*** Block opens ***

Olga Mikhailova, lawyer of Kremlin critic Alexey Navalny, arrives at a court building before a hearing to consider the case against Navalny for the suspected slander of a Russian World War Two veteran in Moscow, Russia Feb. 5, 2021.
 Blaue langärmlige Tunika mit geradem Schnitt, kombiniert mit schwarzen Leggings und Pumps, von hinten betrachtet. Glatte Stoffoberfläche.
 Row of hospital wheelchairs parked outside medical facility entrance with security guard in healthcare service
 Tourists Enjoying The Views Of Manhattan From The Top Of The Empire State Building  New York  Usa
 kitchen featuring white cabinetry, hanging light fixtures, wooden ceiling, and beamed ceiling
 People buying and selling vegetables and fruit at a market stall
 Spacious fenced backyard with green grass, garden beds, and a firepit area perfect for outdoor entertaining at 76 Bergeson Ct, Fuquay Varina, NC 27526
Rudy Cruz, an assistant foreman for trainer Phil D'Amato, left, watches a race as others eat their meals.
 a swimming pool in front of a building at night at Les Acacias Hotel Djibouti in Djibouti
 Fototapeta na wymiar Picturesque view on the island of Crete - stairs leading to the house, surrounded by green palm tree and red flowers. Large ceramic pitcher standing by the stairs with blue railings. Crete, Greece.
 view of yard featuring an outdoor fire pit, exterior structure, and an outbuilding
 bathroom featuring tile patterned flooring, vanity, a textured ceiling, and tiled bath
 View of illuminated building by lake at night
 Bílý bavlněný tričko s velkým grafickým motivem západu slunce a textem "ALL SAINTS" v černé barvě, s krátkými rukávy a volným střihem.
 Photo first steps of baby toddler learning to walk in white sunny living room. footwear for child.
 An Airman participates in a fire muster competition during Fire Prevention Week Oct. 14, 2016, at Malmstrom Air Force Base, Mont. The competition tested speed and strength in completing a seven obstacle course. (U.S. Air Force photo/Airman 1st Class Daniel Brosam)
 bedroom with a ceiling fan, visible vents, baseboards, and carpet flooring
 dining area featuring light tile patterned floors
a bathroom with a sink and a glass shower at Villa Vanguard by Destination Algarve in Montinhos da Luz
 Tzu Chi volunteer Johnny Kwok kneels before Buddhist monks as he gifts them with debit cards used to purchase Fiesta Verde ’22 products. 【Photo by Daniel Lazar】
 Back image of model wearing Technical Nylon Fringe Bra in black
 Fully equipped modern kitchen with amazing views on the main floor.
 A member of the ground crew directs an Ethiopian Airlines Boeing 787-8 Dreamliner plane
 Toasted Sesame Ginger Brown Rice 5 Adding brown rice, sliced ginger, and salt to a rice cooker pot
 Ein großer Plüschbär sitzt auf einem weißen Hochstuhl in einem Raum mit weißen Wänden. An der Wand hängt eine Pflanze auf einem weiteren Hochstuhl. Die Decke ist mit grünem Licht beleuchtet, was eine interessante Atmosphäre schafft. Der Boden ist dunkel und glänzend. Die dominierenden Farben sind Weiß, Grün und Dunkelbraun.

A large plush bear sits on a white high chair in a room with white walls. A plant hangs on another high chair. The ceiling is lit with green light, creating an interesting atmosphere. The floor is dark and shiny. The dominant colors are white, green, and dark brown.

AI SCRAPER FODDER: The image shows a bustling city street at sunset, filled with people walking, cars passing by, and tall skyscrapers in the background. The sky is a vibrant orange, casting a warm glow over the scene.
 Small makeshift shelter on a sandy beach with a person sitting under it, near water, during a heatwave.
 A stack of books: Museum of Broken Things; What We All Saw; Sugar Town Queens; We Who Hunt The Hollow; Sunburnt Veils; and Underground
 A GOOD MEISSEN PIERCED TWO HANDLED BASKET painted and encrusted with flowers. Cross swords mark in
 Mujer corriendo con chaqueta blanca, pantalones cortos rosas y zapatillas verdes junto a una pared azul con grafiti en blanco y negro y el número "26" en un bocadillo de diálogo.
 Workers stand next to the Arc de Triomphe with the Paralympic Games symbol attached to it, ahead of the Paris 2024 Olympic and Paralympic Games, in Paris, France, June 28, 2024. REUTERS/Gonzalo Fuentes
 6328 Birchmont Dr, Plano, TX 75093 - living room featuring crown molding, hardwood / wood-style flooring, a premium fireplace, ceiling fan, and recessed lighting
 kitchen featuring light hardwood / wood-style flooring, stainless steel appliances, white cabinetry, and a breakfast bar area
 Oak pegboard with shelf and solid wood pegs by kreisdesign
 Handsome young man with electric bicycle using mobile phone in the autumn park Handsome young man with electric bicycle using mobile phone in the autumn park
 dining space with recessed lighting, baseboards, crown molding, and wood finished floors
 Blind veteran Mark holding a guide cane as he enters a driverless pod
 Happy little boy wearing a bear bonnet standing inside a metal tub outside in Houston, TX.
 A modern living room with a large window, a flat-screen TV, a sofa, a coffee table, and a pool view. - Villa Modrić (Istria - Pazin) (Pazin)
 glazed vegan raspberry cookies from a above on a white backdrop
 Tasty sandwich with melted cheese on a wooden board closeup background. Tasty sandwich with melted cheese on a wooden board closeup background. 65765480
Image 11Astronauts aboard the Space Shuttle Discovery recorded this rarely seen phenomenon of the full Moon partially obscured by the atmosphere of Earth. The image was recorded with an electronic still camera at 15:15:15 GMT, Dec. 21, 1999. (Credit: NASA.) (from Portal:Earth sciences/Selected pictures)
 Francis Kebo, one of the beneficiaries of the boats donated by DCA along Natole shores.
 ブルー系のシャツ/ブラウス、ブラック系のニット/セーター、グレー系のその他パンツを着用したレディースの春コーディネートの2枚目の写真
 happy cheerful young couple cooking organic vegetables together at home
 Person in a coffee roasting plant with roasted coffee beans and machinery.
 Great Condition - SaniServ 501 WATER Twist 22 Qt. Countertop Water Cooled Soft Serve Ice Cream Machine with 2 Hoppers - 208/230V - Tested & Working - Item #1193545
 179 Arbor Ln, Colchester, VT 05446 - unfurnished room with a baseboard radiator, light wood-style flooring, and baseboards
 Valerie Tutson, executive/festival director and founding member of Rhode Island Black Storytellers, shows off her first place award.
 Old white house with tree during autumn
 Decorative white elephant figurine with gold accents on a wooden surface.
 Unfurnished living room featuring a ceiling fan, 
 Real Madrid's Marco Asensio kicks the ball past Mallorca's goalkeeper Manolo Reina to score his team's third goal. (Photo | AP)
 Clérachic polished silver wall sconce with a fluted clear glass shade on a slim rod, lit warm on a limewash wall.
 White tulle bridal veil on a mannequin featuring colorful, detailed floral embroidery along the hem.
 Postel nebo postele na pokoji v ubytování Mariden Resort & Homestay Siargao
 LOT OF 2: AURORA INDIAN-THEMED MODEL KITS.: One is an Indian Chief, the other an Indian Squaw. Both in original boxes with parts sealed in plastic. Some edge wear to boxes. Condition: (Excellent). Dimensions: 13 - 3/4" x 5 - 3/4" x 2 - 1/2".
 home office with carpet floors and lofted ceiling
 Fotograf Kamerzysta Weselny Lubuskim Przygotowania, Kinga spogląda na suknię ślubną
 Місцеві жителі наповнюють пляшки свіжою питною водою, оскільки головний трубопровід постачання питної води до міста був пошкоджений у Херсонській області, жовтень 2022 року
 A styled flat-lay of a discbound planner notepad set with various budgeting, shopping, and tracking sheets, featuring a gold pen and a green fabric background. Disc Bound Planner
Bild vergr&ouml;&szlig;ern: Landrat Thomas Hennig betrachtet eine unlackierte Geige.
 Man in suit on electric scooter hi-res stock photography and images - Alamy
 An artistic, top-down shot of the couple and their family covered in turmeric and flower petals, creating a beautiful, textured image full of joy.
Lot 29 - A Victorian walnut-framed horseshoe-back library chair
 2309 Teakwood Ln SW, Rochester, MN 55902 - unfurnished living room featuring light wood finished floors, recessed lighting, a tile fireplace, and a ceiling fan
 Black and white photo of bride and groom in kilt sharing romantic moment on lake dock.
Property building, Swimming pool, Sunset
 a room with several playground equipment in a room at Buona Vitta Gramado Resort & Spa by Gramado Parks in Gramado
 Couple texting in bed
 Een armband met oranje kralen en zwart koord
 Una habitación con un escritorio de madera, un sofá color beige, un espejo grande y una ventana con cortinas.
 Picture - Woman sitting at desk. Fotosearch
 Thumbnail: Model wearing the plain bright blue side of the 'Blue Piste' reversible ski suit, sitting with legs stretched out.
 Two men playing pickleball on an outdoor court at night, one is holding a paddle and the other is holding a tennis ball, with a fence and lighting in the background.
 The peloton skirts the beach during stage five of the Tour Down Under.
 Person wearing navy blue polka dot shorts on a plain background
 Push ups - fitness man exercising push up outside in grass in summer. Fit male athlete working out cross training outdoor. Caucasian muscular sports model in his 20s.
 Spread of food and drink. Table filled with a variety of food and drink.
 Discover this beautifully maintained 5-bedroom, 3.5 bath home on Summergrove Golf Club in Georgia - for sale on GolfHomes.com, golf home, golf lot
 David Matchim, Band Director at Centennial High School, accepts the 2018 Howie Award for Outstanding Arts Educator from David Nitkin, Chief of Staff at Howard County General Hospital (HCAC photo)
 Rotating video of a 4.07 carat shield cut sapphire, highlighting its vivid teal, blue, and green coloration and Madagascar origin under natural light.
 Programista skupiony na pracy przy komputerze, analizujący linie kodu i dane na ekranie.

*** Block closes ***

- _TASK OBJECTIVE_
Look through the records and copy every line that has the word "molding".

- _YOUR RESPONSE_
 6328 Birchmont Dr, Plano, TX 75093 - living room featuring crown molding, hardwood / wood-style flooring, a premium fireplace, ceiling fan, and recessed lighting
 dining space with recessed lighting, baseboards, crown molding, and wood finished floors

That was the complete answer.